EXERCISE AIM
Reproduce from the records below, with no pictures, exactly the lines between the one containing "lot 1252 image: BIDEX" and the one containing "Asparagus and Bacon Wrapped Bundles", inclusive.

RECORDS SHOWN
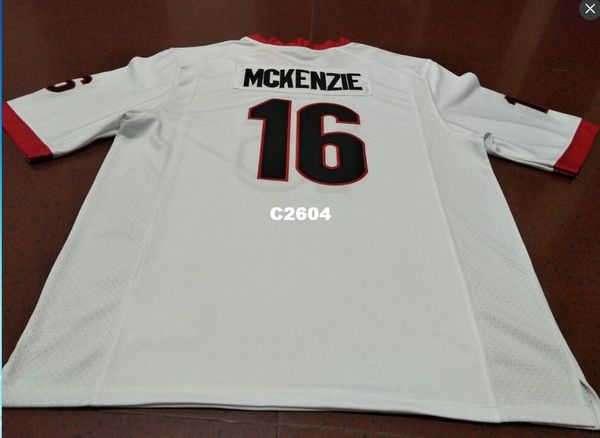 

men #16 isaiah mckenzie georgia bulldogs size s-4xl red black white college jersey or custom any name or number jersey, Black;red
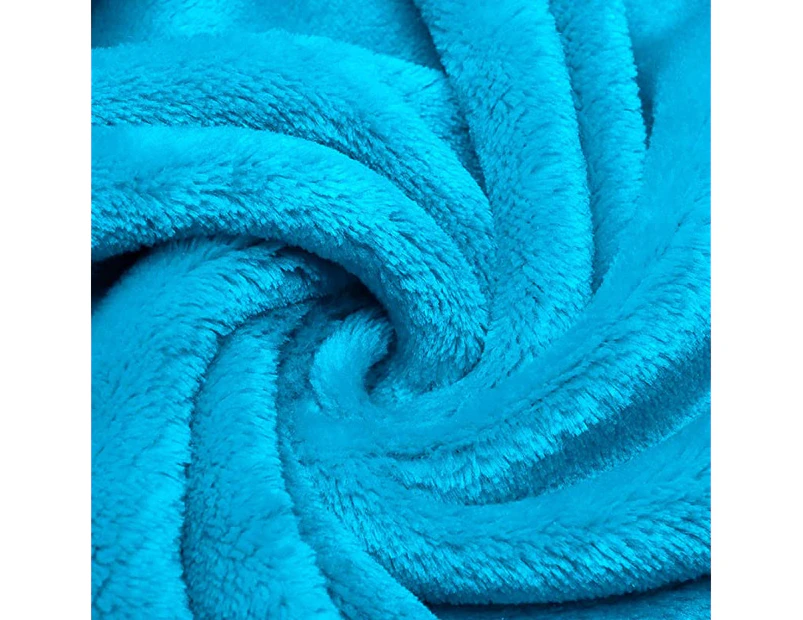 (90x108, Teal) - Premium Soft Throw Blankets, Fuzzy Bed Throw Blanket Sherpa Cosy and Warm, Fur Throw Blanket for Women & Man (90x108, Teal Blanket)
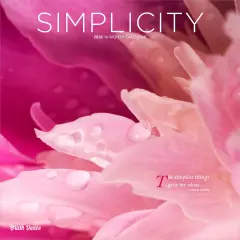 Simplicity | 2026 12 x 24 Inch (Hanging) Monthly Square Wall Calendar | Plastic-Free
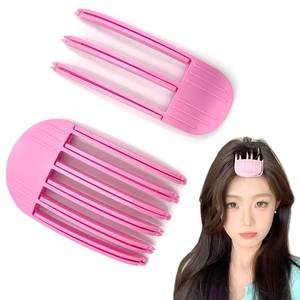 lot 1252 image: BIDEX 2PCS Hair Volume Clip for Bangs Styling No-Trace Hair Root Lifting Clips for Fluffy Bangs &amp Voluminous Hair Quick &amp Easy Hair Styling Tools for All Hair Types (Pink)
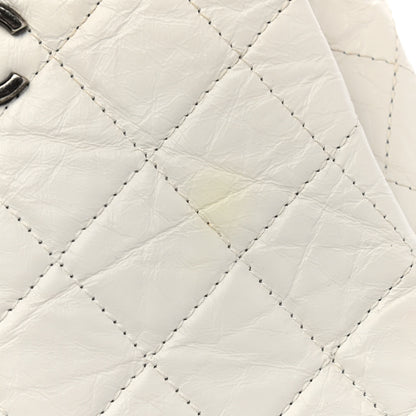 Chanel Aged Calfskin Quilted Gabrielle Backpack Black White 9 of 12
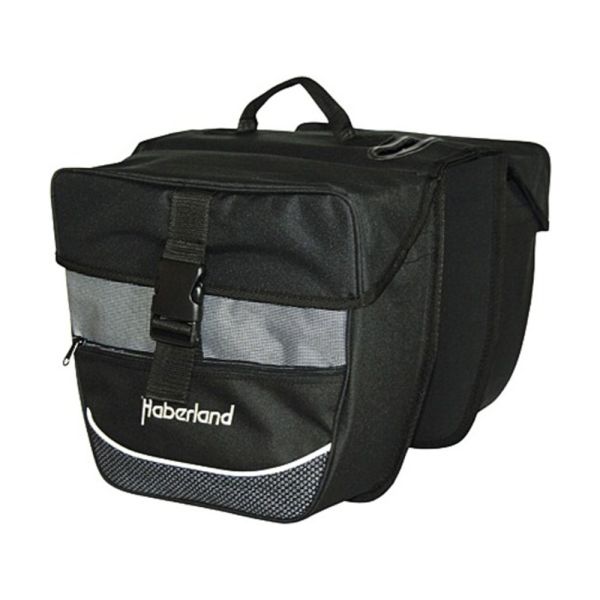 Haberland entry-level series double pannier (25 liters | black / silver)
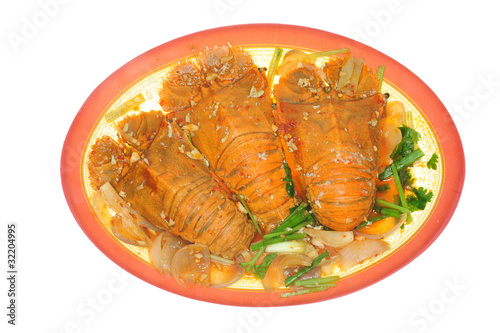 Serving Of Cooked Crayfish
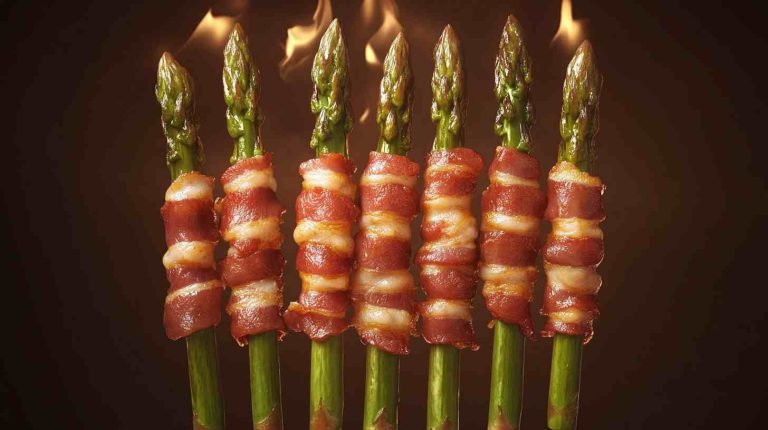Asparagus and Bacon Wrapped Bundles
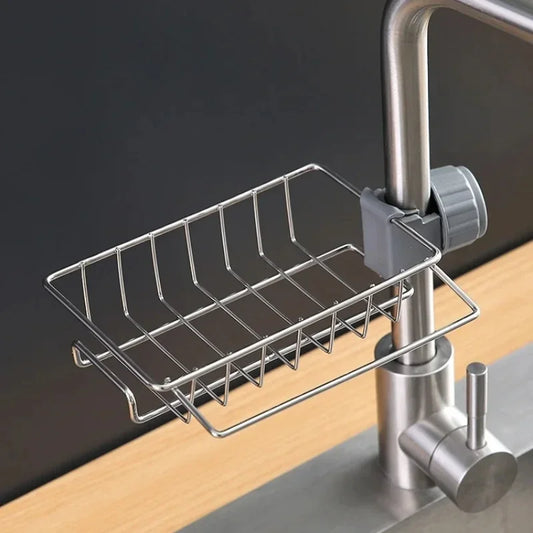 Support de Drainage suspendu pour robinet, pour évier de cuisine, salle de bains, support d'évier, étagère de rangement, organisateur d'accessoires de cuisine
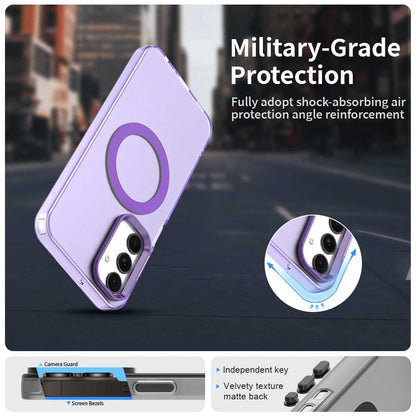 MagSafe-deksel for Samsung Galaxy A25 A256, Techsuit, CandyCase, Lilla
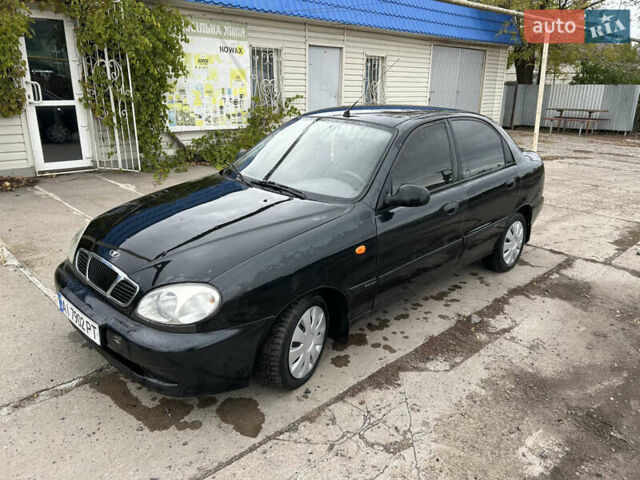 Черный ЗАЗ Ланос, объемом двигателя 1.39 л и пробегом 236 тыс. км за 1800 $, фото 7 на Automoto.ua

ANSWER FOR THIS EXERCISE
 lot 1252 image: BIDEX 2PCS Hair Volume Clip for Bangs Styling No-Trace Hair Root Lifting Clips for Fluffy Bangs &amp Voluminous Hair Quick &amp Easy Hair Styling Tools for All Hair Types (Pink)
 Chanel Aged Calfskin Quilted Gabrielle Backpack Black White 9 of 12
 Haberland entry-level series double pannier (25 liters | black / silver)
 Serving Of Cooked Crayfish
Asparagus and Bacon Wrapped Bundles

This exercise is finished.